McClatchy opened the 3rd quarter earnings season for newspaper companies today reporting weak financial results typical of the industry so far this year.
The company recorded a loss of $1.1 million on revenues of $251.2 million. Advertising revenues were off 10.2 percent compared to the same quarter in 2014.
Print revenues fell more than that — though the company no longer breaks them out separately. (Independent forecaster Kantar Media has reported print revenues at local papers like McClatchy’s down 14.9 percent year-to-year in the first half).
Digital ad revenues were up modestly for the quarter as was national advertising. But the company achieved its roughly break-even result mainly through aggressive cost reductions with operating expenses 7.2 percent less than in the third quarter a year ago.
Though the company has had newsroom cuts, most of those savings came in production and distribution, particularly as it uses less newsprint for smaller papers sent to a smaller circulation base.

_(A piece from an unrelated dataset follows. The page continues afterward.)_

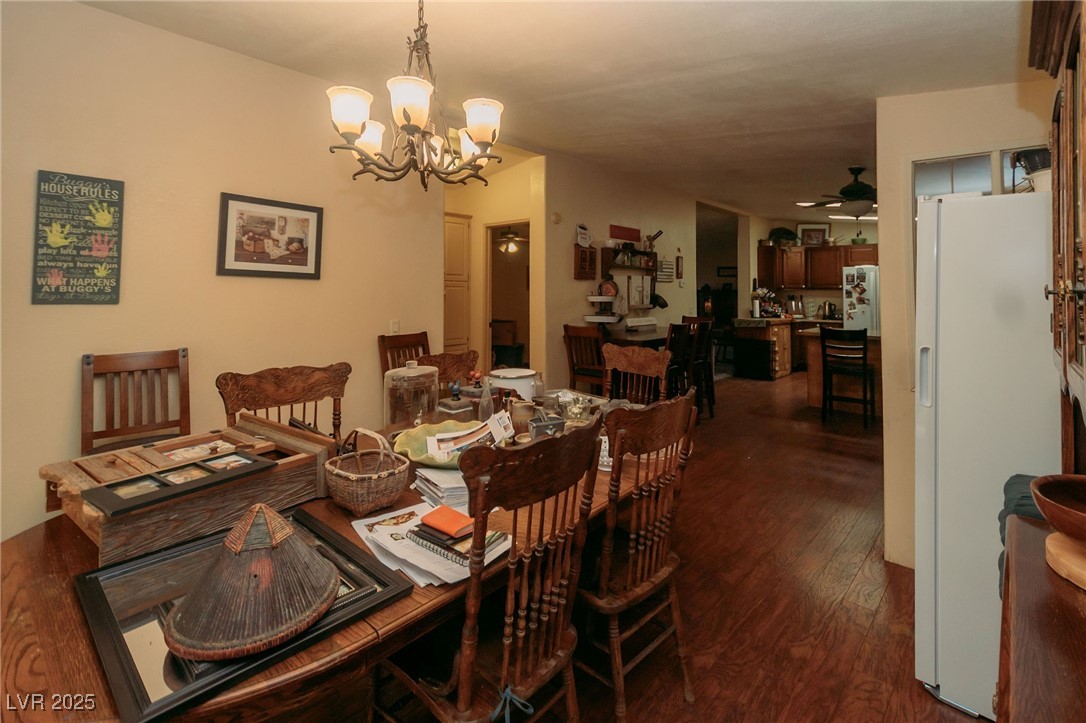 3485 Gally Road Pahrump, NV 89060 - Photo 58 of 90 Dining space with a chandelier, dark wood-style floors, and a ceiling fan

“Sometime in the future,” CEO Pat Talamantes told analysts in a conference call, digital growth will offset the print losses, but his implication was that turnaround will not be coming soon.
Talamantes said that the biggest print advertising category — retail — has also been the weakest — down 14.7 percent. Retail chains “are going through their own version of digital transformation these days and we are seeing pricing pressure.” There is no dispute that pre-printed inserts work to bring customers into stores, he added, but those advertisers are negotiating hard for reduced rates.

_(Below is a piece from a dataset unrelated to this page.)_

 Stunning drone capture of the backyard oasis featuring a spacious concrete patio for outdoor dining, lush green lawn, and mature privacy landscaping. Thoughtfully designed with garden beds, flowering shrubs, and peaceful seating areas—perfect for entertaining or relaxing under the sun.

Print circulation is also slumping with Sunday volume down 8 percent and total audience revenues down 2.2 percent. McClatchy now has 77,600 digital-only paid subscribers, up 16.4 percent from the third quarter of last year.
Analysts asked some sweeping questions including whether McClatchy could become a part of this year’s boomlet in mergers and acquisitions.
Talamantes said he could not discuss specific transactions even if there were any in the works. But, he said, “philosophically we’ve been talking about how the industry sets up for M & A,” especially regional combinations like Tribune’s acquisition of the Union Tribune of San Diego or Gannett’s recent deal for Journal Communications, adding to its footprint in Wisconsin, Florida and Tennessee.
“We see prices firming up and even an increase in values,” he continued, “We will take a look at everything. We wouldn’t rule anything in or out.”
Another analyst wanted to know whether the company would start new digital-only reports or contemplate shutting down print operations at a local property that became unprofitable (none are, Talamantes said).
Talamantes mentioned Charlotte Five, a social media site launched last November and targeting millennials, as an example of an experiment with digital publishing.
As for potentially discontinuing print in some markets, he said, “Your premise is a little too binary. There will be lots of opportunities to adjust the print product….We will probably take it step-by-step, but we are a long way from” shutting down print entirely.
Looking ahead, the company said that it expects modest improvement in the fourth quarter, led by stronger gains in digital advertising. McClatchy also is gearing up to sell more real estate assets in its 28 markets.
McClatchy shares, which had rallied in recent weeks, were down 6.2 percent for the day.